We have covered many of Jeff Sessions’ anti-marijuana comments. In comparison, Sessions has been a bit more silent on the opioid epidemic.
Massachusetts Attorney General Maura Healey believes Session’s is spending too much time expressing his interest in cracking down on marijuana. “He is obsessed with marijuana,” Healey said to business leaders this week according to MassLive.
“I think if you go back and you look at any number of the statements that he’s made, the positions that he’s taken, he spends a tremendous amount of time focused on marijuana, where as a matter of law enforcement, where I see the issues right now, where I see the problems, are with fentanyl and heroin,” Healey said. “And that’s where I would like to see more support and more focus and more attention.”

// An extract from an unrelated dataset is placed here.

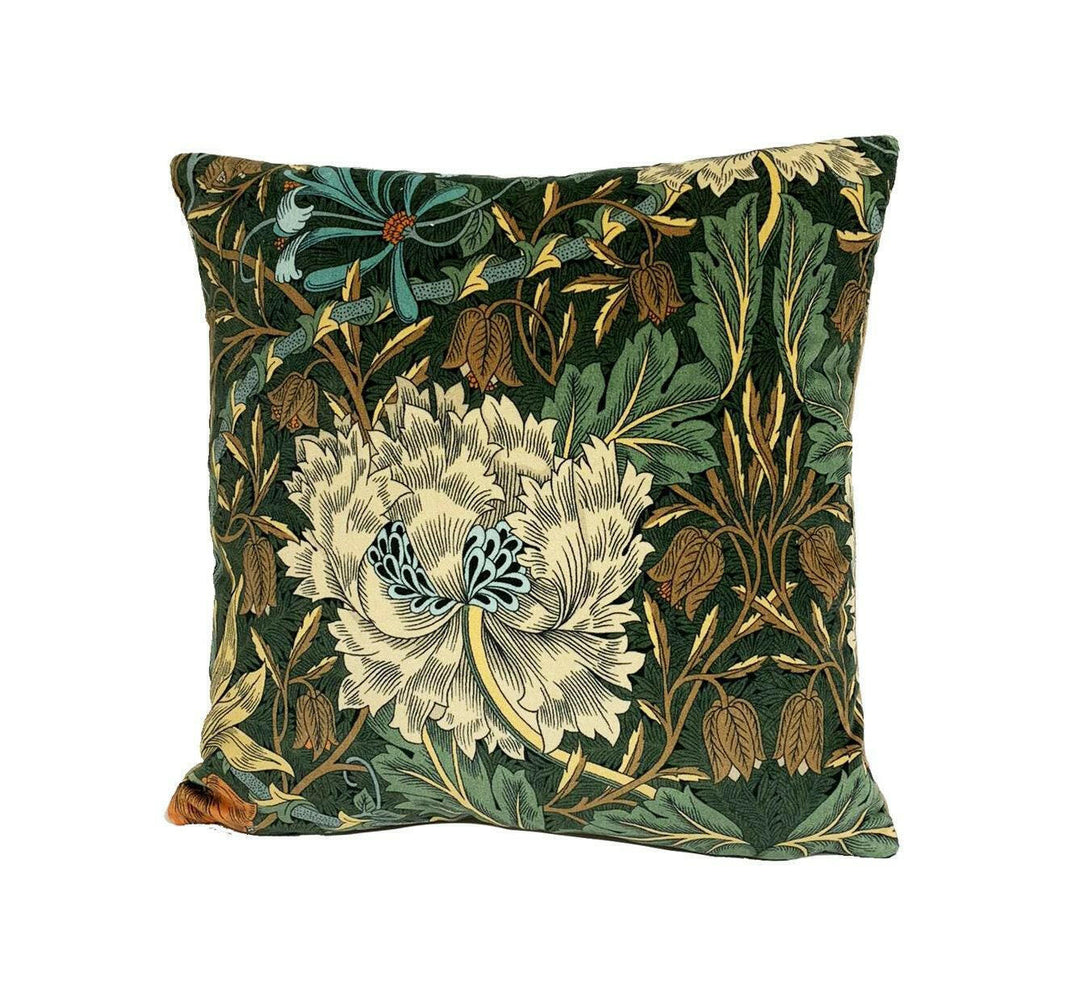 William Morris - Honeysuckle &amp; Tulip Velvet - Forest / Chestnut - Gorgeous Sumptuous Velvet Floral Designer Cushion Cover - Luxury Throw.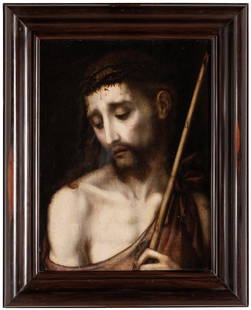 LUIS DE MORALES detto Il DIVINO: (Badajoz, 1520 circa - 1586) Ecce Homo Olio su tavola, cm 37,5X27,6 Provenienza: Londra, Christie's, 8 dicembre 2004, lotto 93 (come Luis de Morales/https://www.christies.com/en/lot/lot-4417337) Colle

Healey is worried about the impact of opioid abuse and what further delays could mean for the epidemic.
“We’ve asked for help, we need the help and to me it’s a shame that we have not seen anything from the federal administration yet in terms of needed resources,” she said. “I think it’s shameful that at this point, we’re 100 days into this administration and we haven’t seen anything in terms of additional resources, or additional plans, or proposals to deal with a serious opioid crisis.”
It has been a rough start to Sessions’ tenure as Attorney General. During his confirmation hearings, he omitted key details on his contacts with Russian officials during the campaign. This week, he made controversial statements regarding a federal judge in Hawaii.
“I really am amazed that a judge sitting on an island in the Pacific can issue an order that stops the President of the United States from what appears to be clearly his statutory and Constitutional power,” he said on The Mark Levin Show.
There has been a considerable backlash as many have tried to remind Sessions that Hawaii is, in fact, one of the 50 states.
Will Sessions’ reign in his public comments? They certainly do not seem to be helping a White House that finds itself in constant controversy. If the administration continues its crusade against legal marijuana, it will have to take on the majority of the country, a majority who strongly supports marijuana reform.